▶ [Your assignment]
The answer must be the full data, restated word for word, with no pictures in it.

▶ [Raw data]
----
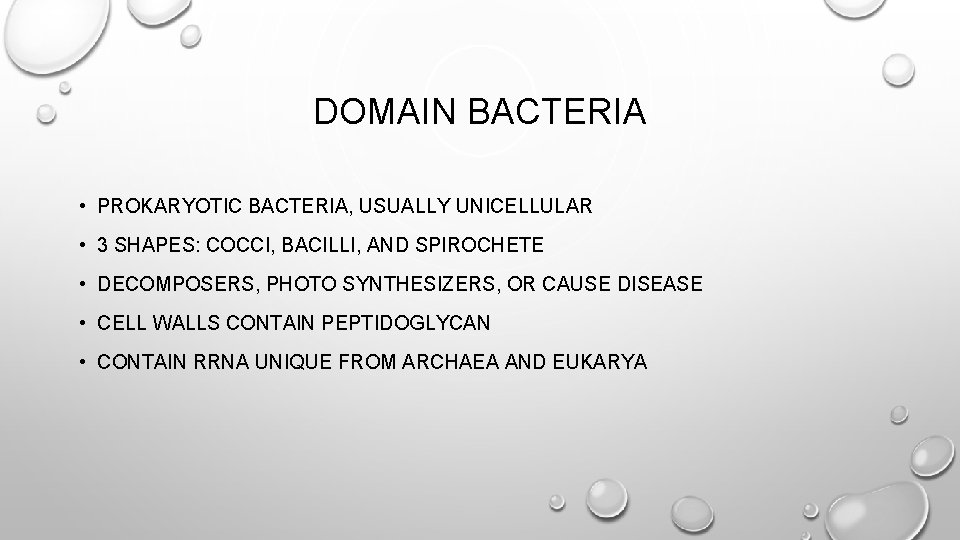 DOMAIN BACTERIA • PROKARYOTIC BACTERIA, USUALLY UNICELLULAR • 3 SHAPES: COCCI, BACILLI, AND SPIROCHETE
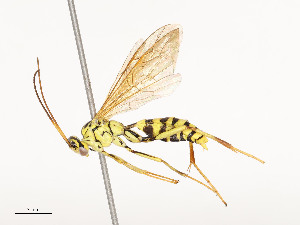  ( - CBG-A54419-B01)  @11 [ ] CreativeCommons - Attribution Share - Alike (2024) CBG Photography Group Centre for Biodiversity Genomics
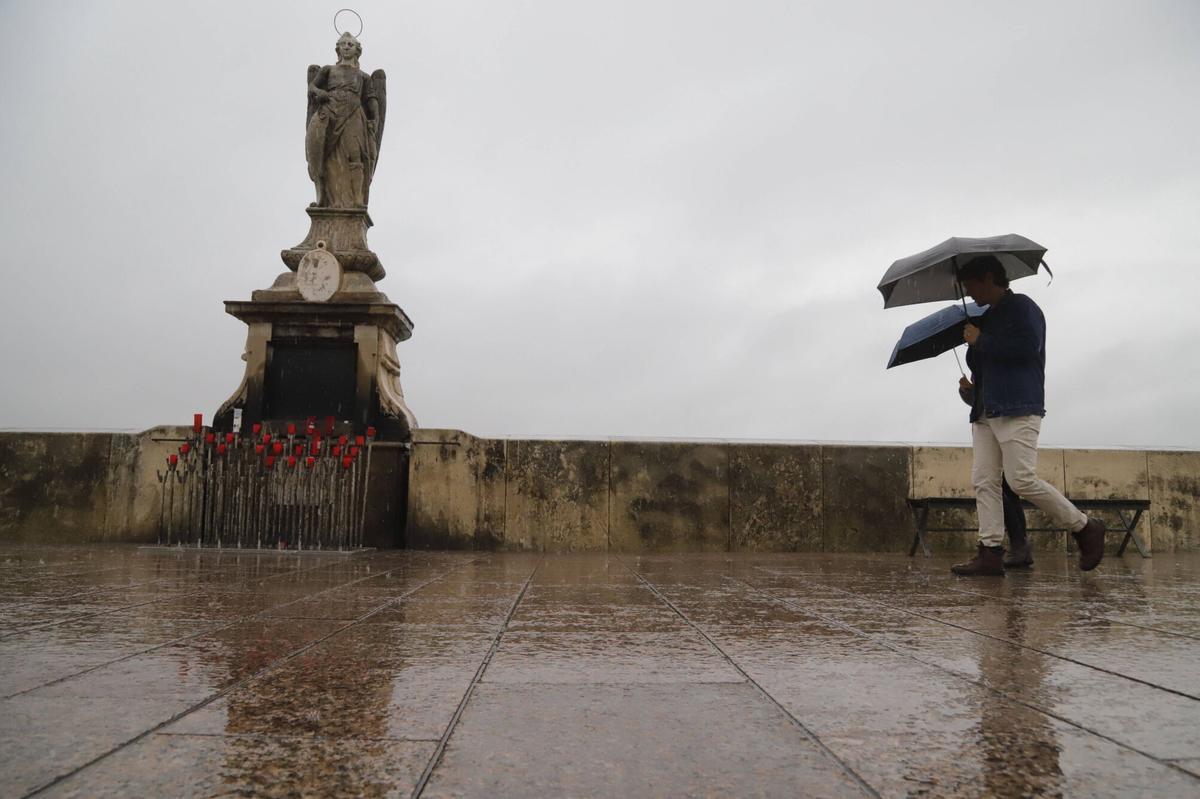 El temporal de lluvia y viento, en imágenes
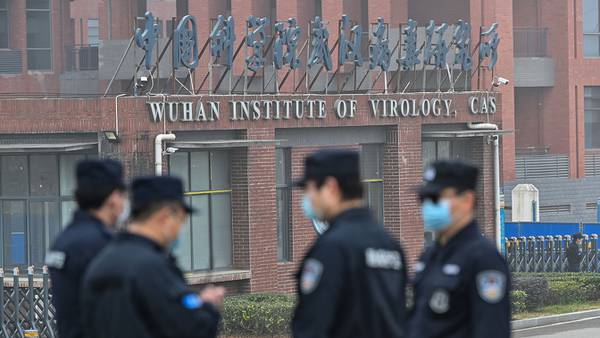 'Extremely disconcerting': NIH didn't track U.S. funds going to Chinese virus research, watchdog finds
----
▶ [Written reply]
 DOMAIN BACTERIA • PROKARYOTIC BACTERIA, USUALLY UNICELLULAR • 3 SHAPES: COCCI, BACILLI, AND SPIROCHETE
  ( - CBG-A54419-B01)  @11 [ ] CreativeCommons - Attribution Share - Alike (2024) CBG Photography Group Centre for Biodiversity Genomics
 El temporal de lluvia y viento, en imágenes
 'Extremely disconcerting': NIH didn't track U.S. funds going to Chinese virus research, watchdog finds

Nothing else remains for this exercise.